--- START ---

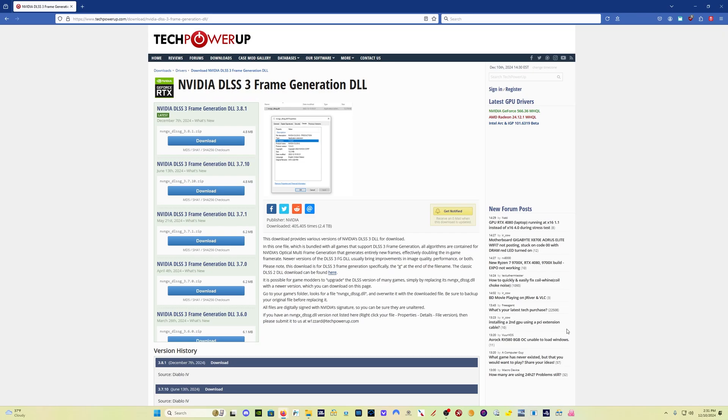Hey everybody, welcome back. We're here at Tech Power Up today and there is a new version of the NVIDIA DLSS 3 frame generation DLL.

--- END ---
--- START ---

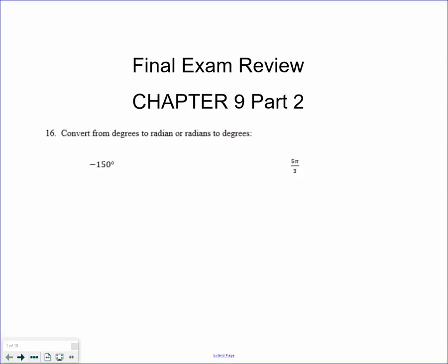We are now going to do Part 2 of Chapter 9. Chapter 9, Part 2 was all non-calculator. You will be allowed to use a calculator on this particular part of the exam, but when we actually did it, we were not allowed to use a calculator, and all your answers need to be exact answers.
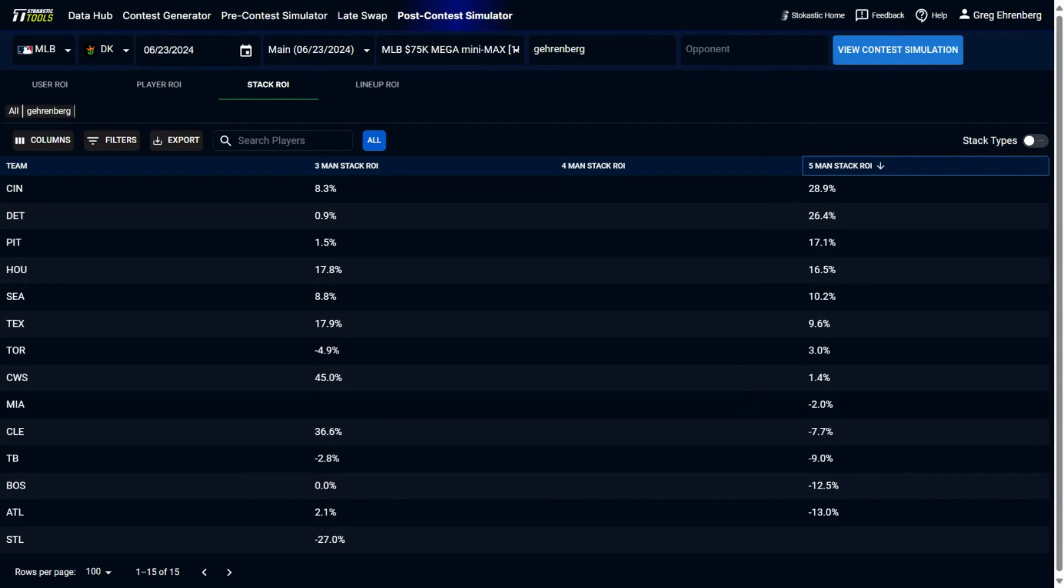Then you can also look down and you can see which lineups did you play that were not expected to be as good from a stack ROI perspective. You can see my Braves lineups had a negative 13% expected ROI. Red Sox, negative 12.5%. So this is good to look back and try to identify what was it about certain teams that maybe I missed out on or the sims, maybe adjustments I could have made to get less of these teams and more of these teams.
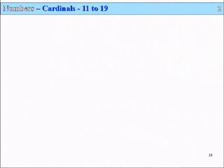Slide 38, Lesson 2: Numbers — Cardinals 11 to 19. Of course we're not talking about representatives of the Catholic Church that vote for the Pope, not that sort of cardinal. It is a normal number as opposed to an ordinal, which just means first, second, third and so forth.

--- END ---
--- START ---

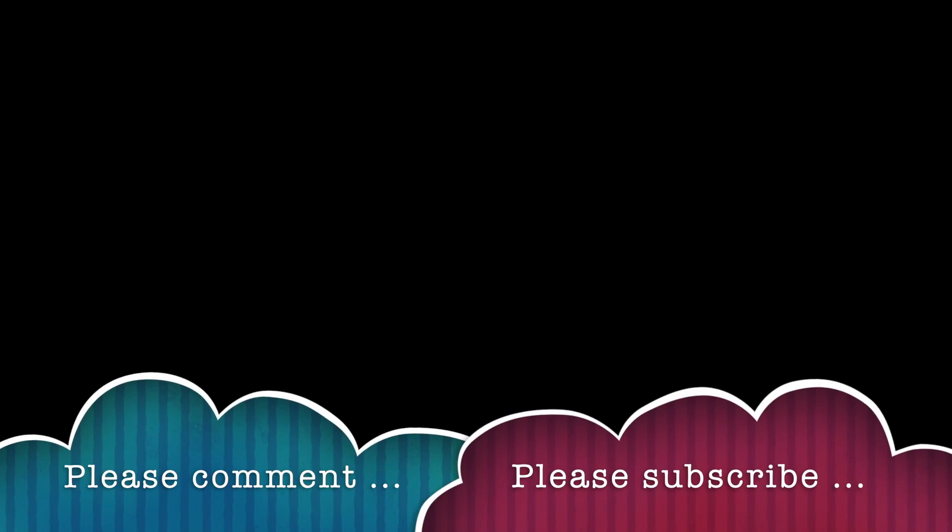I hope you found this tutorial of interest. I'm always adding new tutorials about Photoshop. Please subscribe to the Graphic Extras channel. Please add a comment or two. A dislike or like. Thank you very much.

--- END ---

Task requirements » Copy the lines above between the one holding "Then you can" and the one holding "Slide 38, Lesson", inclusive. Drop the pictures.

Problem solution »
Then you can also look down and you can see which lineups did you play that were not expected to be as good from a stack ROI perspective. You can see my Braves lineups had a negative 13% expected ROI. Red Sox, negative 12.5%. So this is good to look back and try to identify what was it about certain teams that maybe I missed out on or the sims, maybe adjustments I could have made to get less of these teams and more of these teams.
Slide 38, Lesson 2: Numbers — Cardinals 11 to 19. Of course we're not talking about representatives of the Catholic Church that vote for the Pope, not that sort of cardinal. It is a normal number as opposed to an ordinal, which just means first, second, third and so forth.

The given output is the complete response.